III. LE MONOPOLE DES LOIS FINANCIÈRES SUR LES DISPOSITIONS RELATIVES AUX PRÉLÈVEMENTS OBLIGATOIRES

Les dispositions du présent projet de loi constitutionnelle ayant suscité le plus de débats sont celles relatives au monopole des lois de finances et lois de financement de la sécurité sociale sur les dispositions relatives aux prélèvements obligatoires de l'Etat et des régimes obligatoires de base de la sécurité sociale.

Le principe de ce monopole est fixé par l'article premier du présent projet de loi constitutionnelle.
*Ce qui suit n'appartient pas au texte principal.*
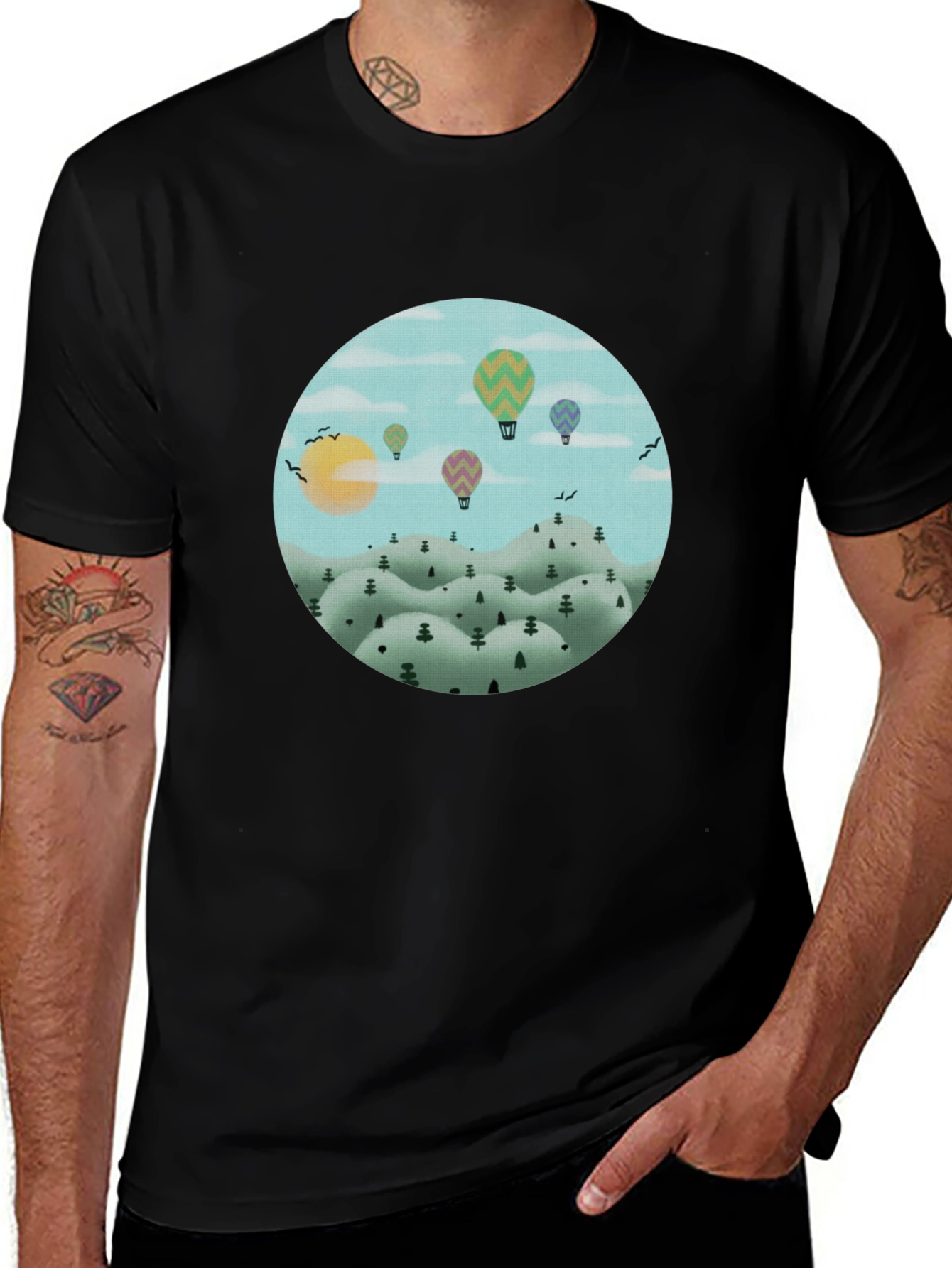 Hot Air Balloon Landscape Graphic Tee - Black Cotton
A. UNE SOLUTION NOUVELLE À UN PROBLÈME ANCIEN

1. Un dispositif qui reprend par ses objectifs (sinon par ses modalités) une proposition déjà adoptée par le Sénat

Dans son rapport n° 163 (2007-2008) sur la proposition de loi organique tendant à prévoir l'approbation par les lois de financement de la sécurité sociale des mesures de réduction et d'exonération de cotisations et de contributions de sécurité sociale adoptées en cours d'exercice, fait au nom de la commission des affaires sociales, notre collègue Alain Vasselle relève que la Mission d'évaluation et de contrôle de la sécurité sociale « a souligné l'insuffisance préoccupante du contrôle que devraient exercer les ministères sociaux et les commissions des affaires sociales des deux assemblées sur les créations d'exonérations de cotisations et de contributions sociales ainsi que sur les modifications qui leur sont apportées.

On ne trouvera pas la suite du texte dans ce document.